Data items

»»

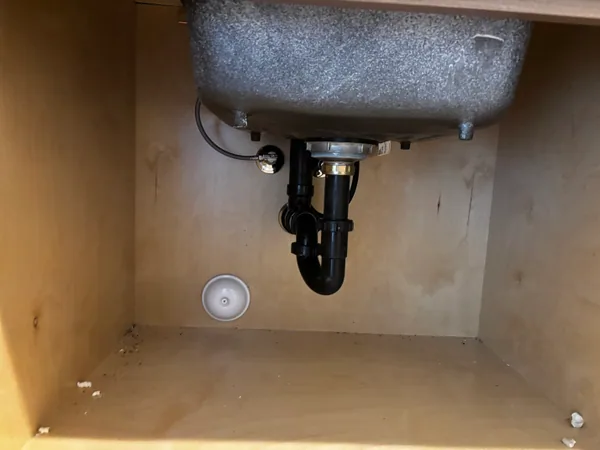 Under-sink view of a stainless basin with a freshly installed black P-trap, garbage disposal, and capped dishwasher outlet inside a plywood cabinet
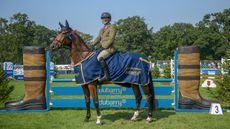 Michael Jackson and Oscar stand proudly wearing their Dubarry Burghley Young Event Horse winners rug in front of the Dubarry jump after winning the five-year-old final.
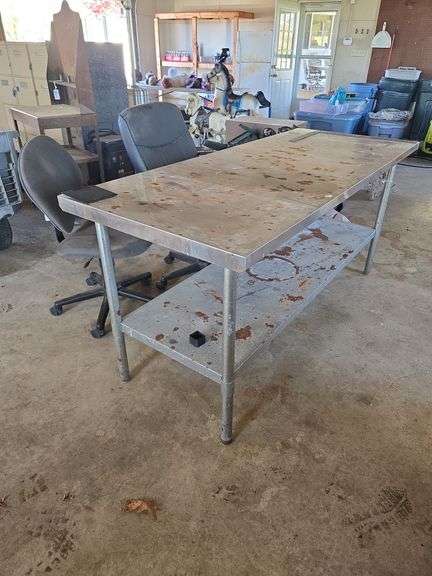 2 roll around office chairs and stainless table 6' long.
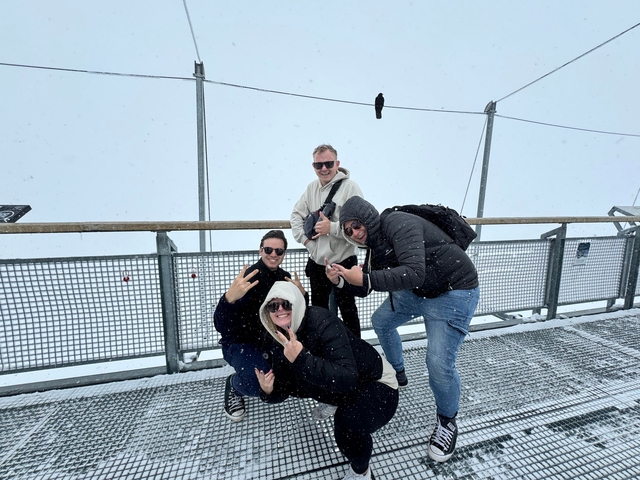 Group posing on a snowy platform with foggy background.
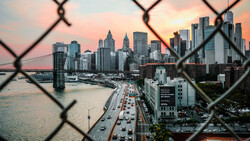 Manhattan skyline at sunset viewed through a chain-link fence from across the water.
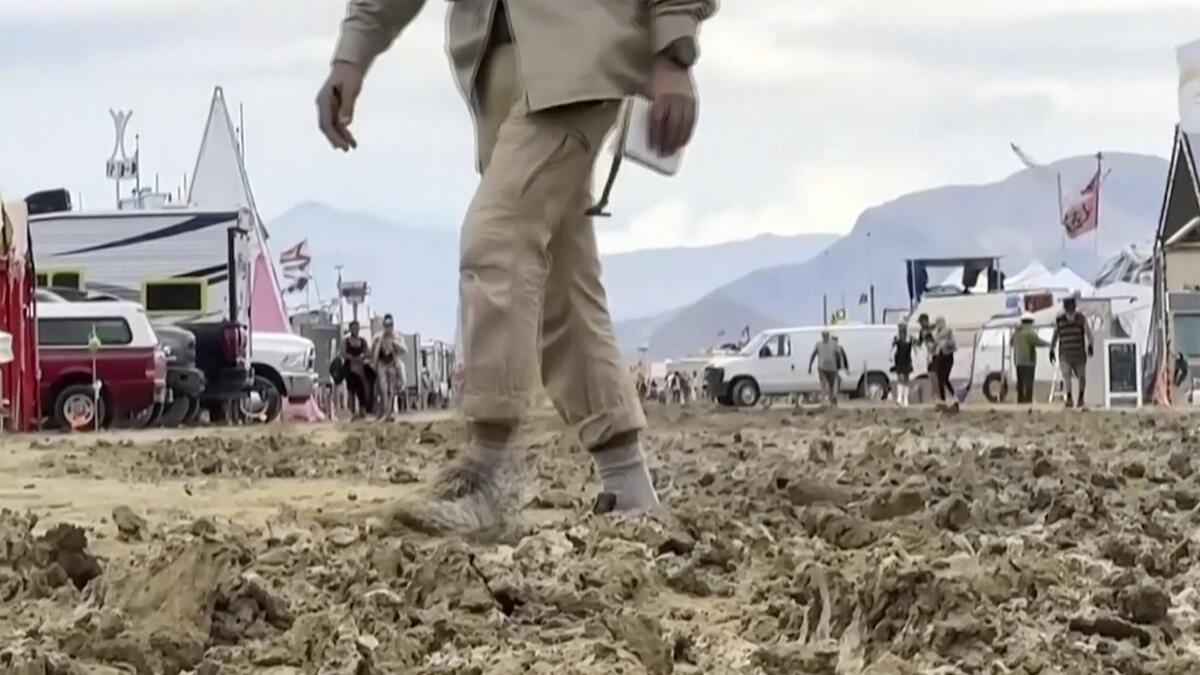 a man walks through mud at the Burning Man festival site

««

Exclude all pictures and return precisely the lines from the one containing "Michael Jackson and" through the closing line of the data.

 Michael Jackson and Oscar stand proudly wearing their Dubarry Burghley Young Event Horse winners rug in front of the Dubarry jump after winning the five-year-old final.
 2 roll around office chairs and stainless table 6' long.
 Group posing on a snowy platform with foggy background.
 Manhattan skyline at sunset viewed through a chain-link fence from across the water.
 a man walks through mud at the Burning Man festival site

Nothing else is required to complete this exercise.